KISS – Off The Soundboard, Tokyo 2001: Album Review

The hottest band in the world – that’s Kiss if you had any doubts – dig into their archive.

Release date: 11th June 2021

Label: UMC-Mercury

Format: CD / vinyl / DL

Ah Kiss…. The memories… I remember being intrigued as a youngster by Kiss. The logo and the make up. The classic Alive record and eventually taking my son to see the band in 2010 and several years later having the privilege to shoot from the pit in Manchester. And yes, it was hot – we weren;t allowed in until the band had descended from the roof, the curtains cleared and the explosions had gone off.

The band who remain forever on their Farewell Tour are now launching their new official live bootleg series. Th elate great Lemmy may have declared “Rock and roll is not Kiss” but they sure know how to put on a show. No one can deny that despite the fact that the quartet aren’t exactly musicians of the highest calibre, their rock and roll comic book capers can’t be matched.

They may have had their fair share of live albums (I really enjoyed the Symphony: Alive IV album btw) but we’re now digging into the archive. Coincidentally, I’d just watched Kiss Rocks Vegas having stumbled upon it on one of the Sky channels and becoming engrossed, so it’s apt that we should strike while the iron’s hot, or at least lukewarm compared with the hottest band in the world.

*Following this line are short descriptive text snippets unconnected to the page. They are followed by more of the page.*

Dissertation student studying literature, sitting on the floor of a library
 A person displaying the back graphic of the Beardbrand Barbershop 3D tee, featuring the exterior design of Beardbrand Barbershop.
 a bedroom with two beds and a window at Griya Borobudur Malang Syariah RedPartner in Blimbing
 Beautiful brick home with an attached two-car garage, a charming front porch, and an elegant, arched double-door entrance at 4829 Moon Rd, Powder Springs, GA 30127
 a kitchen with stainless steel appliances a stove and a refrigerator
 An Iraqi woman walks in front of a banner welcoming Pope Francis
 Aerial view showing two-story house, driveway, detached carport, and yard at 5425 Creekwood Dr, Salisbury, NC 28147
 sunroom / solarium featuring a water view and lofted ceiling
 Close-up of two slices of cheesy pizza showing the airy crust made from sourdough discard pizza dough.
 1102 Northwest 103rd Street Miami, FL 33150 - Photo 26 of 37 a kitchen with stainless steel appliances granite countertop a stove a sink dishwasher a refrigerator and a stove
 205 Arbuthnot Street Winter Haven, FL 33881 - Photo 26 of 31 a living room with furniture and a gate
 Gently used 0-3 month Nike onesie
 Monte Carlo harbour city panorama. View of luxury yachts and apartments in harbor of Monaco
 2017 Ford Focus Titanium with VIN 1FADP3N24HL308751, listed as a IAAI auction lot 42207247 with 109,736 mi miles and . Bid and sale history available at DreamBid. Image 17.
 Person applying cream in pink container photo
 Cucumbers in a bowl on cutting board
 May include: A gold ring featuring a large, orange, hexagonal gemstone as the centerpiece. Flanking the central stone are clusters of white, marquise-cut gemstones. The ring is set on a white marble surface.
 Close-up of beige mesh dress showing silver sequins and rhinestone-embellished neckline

Recorded at the Tokyo Dome in Tokyo, Japan on March 13, 2001, the 21-track show is a celebration of the band’s musical legacy pretty much as you’d expect. Co-founders Paul Stanley and Gene Simmons are upfront and centre with Ace Frehley on guitar and Eric Singer on drums (who’d replaced Peter Criss two months prior). And you know the script – You wanted the best, you got the best – the hottest band in the world…. you can hear the explosions and fireworks. A reminder that Kiss live isn’t just about the music – the songs are just the gateway to the spectacle

In amidst the opening excitement of the classics Detroit Rock City and Deuce, a few curveballs come such as the rarity of I Still Love You from 1982’s Creatures Of The Night. The incredible 55,000 strong Japanese audience are past their days of sitting politely and awaiting the entertainment. Well versed in the way of Kiss, they gleefully sing along with Lick It Up. It’s all orchestrated by a well-rehearsed showbiz OTT and hammed-up song intros from Paul Stanley that mainly involve whipping up the excitement even before a note is played. All part of the service ladies and gentlemen.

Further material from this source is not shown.